Records from a data source:
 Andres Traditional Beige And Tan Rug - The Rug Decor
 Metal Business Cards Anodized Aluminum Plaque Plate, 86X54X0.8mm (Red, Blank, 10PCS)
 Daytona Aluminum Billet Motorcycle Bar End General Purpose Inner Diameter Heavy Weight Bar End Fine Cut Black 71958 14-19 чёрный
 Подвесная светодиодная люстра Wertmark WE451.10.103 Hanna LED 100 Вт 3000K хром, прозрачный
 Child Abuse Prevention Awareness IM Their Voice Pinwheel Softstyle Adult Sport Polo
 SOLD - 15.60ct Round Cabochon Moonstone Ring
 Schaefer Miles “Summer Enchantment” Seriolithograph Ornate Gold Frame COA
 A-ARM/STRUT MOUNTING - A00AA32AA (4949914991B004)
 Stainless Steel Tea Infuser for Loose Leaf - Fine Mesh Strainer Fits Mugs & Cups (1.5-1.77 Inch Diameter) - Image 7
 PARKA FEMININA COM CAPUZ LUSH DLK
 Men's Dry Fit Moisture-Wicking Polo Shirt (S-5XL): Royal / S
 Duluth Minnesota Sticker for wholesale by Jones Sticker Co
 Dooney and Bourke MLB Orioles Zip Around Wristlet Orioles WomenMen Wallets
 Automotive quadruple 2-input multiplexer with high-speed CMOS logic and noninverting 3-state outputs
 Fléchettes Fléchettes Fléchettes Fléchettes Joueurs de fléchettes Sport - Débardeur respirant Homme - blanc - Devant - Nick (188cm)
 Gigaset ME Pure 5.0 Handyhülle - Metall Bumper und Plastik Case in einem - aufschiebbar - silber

§ **TRY IT**:
A complete and exact reproduction of the data is needed.

§ **EXERCISE ANSWER**:
 Andres Traditional Beige And Tan Rug - The Rug Decor
 Metal Business Cards Anodized Aluminum Plaque Plate, 86X54X0.8mm (Red, Blank, 10PCS)
 Daytona Aluminum Billet Motorcycle Bar End General Purpose Inner Diameter Heavy Weight Bar End Fine Cut Black 71958 14-19 чёрный
 Подвесная светодиодная люстра Wertmark WE451.10.103 Hanna LED 100 Вт 3000K хром, прозрачный
 Child Abuse Prevention Awareness IM Their Voice Pinwheel Softstyle Adult Sport Polo
 SOLD - 15.60ct Round Cabochon Moonstone Ring
 Schaefer Miles “Summer Enchantment” Seriolithograph Ornate Gold Frame COA
 A-ARM/STRUT MOUNTING - A00AA32AA (4949914991B004)
 Stainless Steel Tea Infuser for Loose Leaf - Fine Mesh Strainer Fits Mugs & Cups (1.5-1.77 Inch Diameter) - Image 7
 PARKA FEMININA COM CAPUZ LUSH DLK
 Men's Dry Fit Moisture-Wicking Polo Shirt (S-5XL): Royal / S
 Duluth Minnesota Sticker for wholesale by Jones Sticker Co
 Dooney and Bourke MLB Orioles Zip Around Wristlet Orioles WomenMen Wallets
 Automotive quadruple 2-input multiplexer with high-speed CMOS logic and noninverting 3-state outputs
 Fléchettes Fléchettes Fléchettes Fléchettes Joueurs de fléchettes Sport - Débardeur respirant Homme - blanc - Devant - Nick (188cm)
 Gigaset ME Pure 5.0 Handyhülle - Metall Bumper und Plastik Case in einem - aufschiebbar - silber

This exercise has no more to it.